Sweet Dreams/DeWitt Henry: Reflections

As the founding editor of Ploughshares and the former Chair of Writing, Literature, and Publishing at Emerson College, DeWitt Henry has stirred, ushered, and promoted all manner of writerly dreams. He's put first stories into print and published the work of our greatest living (and sometimes not living) authors. He's sat in classrooms, seducing and exhorting.  He's said to others, You can. You will. 



With his memoir, Sweet Dreams (Hidden River Press), Henry traces and comes nearly to terms with his own fantasies and emergent needs, as he tells the story of his rising and his wanting. Much of the book is devoted to a childhood and adolescence spent in the very swath of the suburban Philadelphia that I have, since my eighth-grade year at Radnor Middle School, called my own, and so I turned the pages of this book with acute interest, admiring the precision of Henry's recall—the stunning accuracy of descriptions about a place that has changed entirely and, then again, changed hardly at all.

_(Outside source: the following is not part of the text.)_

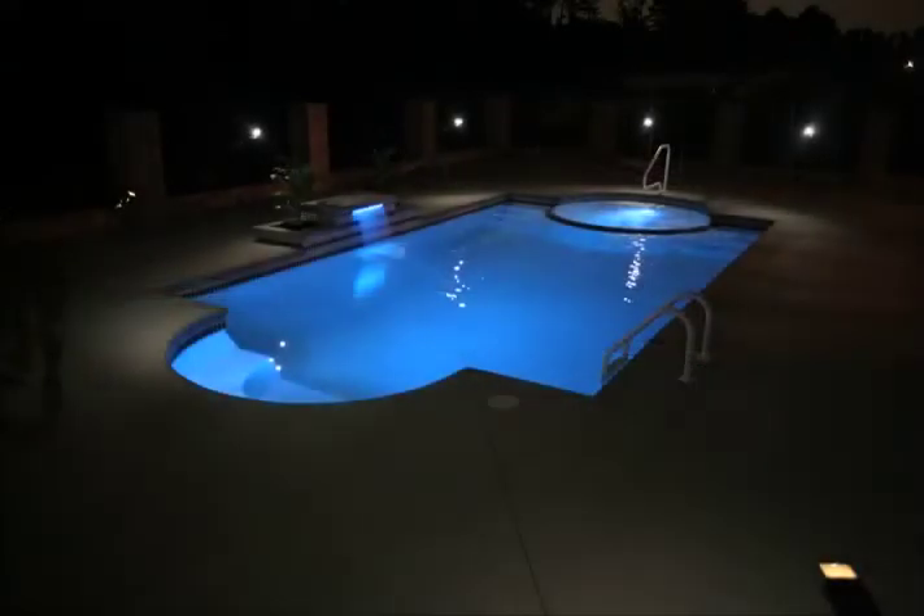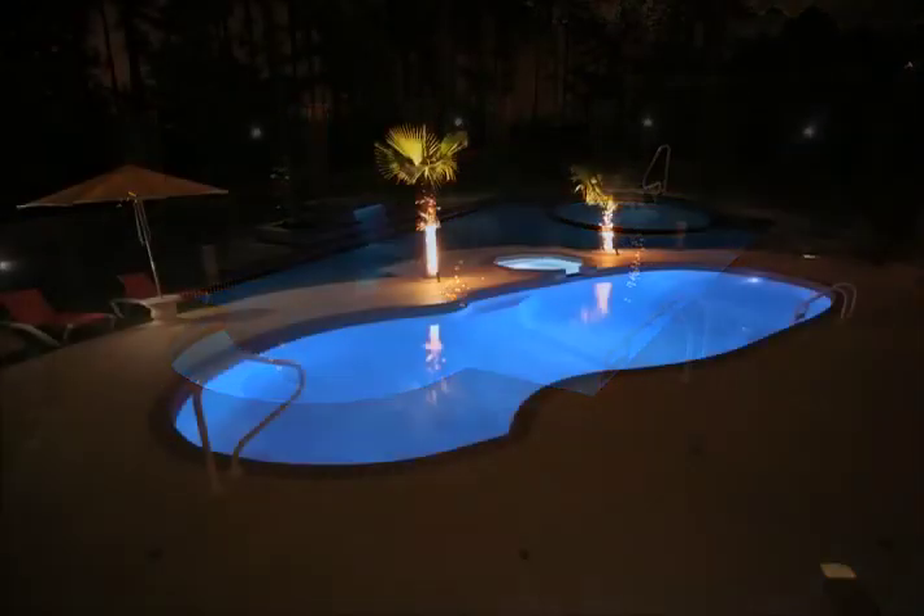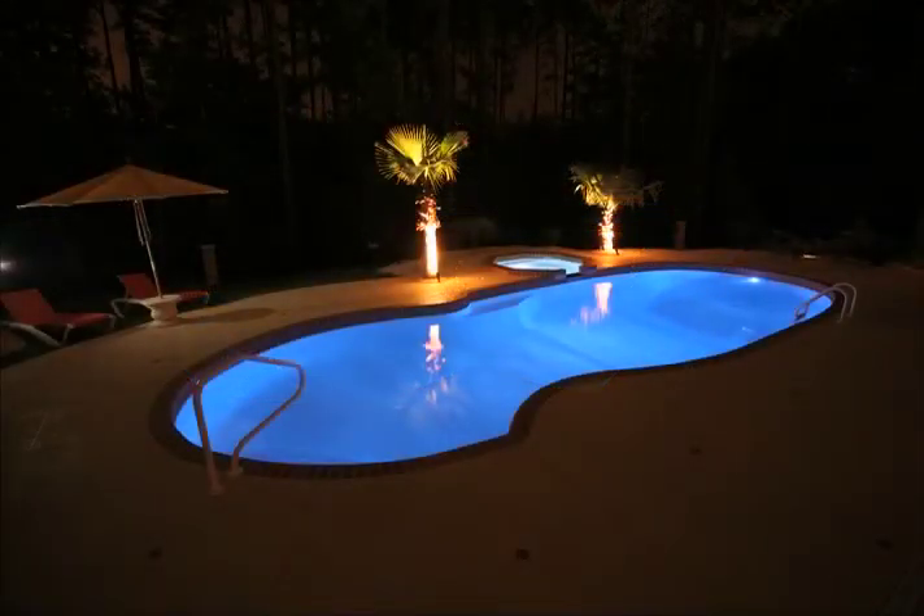Efficient Xenon Metal Halide Technology has the longest life of any pool light available and creates the widest light for the best look possible.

I have (unknowingly) walked by two of Henry's childhood homes many a time; in Sweet Dreams the porches, yards, rooms, rooftops come alive with Henry's artist mother and alcoholic father, with siblings that struggled to find their own way, with episodes of generosity and scenes of terrible despair. I spent my time at Radnor High; DeWitt did, too, with peers whose last names are familiar to me. Henry walked among the ponds and water wheels and the majestic Walton Estate before it became Eastern University. I have walked there, too, plenty of times, taking photographs like the one above. The local movie theater can be found in Henry's pages, as can Eaglesmere, an outpost I have visited. Roadways and greenways and pause and hurry—it was then, it is now, and Henry brings it to vivid life.



Sweet Dreams is a coming-of-age book. It is a book about the boy who grew up with candy wealth, fell in love with a toy printing press, and decided, early on, to be a Writer. One can decide to be a Writer, but the world, in some ways, has to stand equal to that dream. It's a contest of wills, or it can be seen as one, and DeWitt takes us through the bruises and glories. He dreams out loud. We're there.



Here he is talking about the aforementioned Walton Estate (Walmarthon), now the heart of the Eastern University campus:

... Walton's was ten minutes or so away—you waded and pushed through overgrown bushes, ferns, and low hanging branches, with dankness, cobwebs, and with shade from the branches interlocking and arching above, while woodpeckers hammered, echoing, and cicadas whirred. You'd come out, then, following a creek, above the smaller of two ponds, set in the estate's open expanse of lawn, gardens, driveways and walks. A big white house, lived in, was to the left, far off were the gatehouse and wall, and far to your right, the castle-like mansion, deserted now.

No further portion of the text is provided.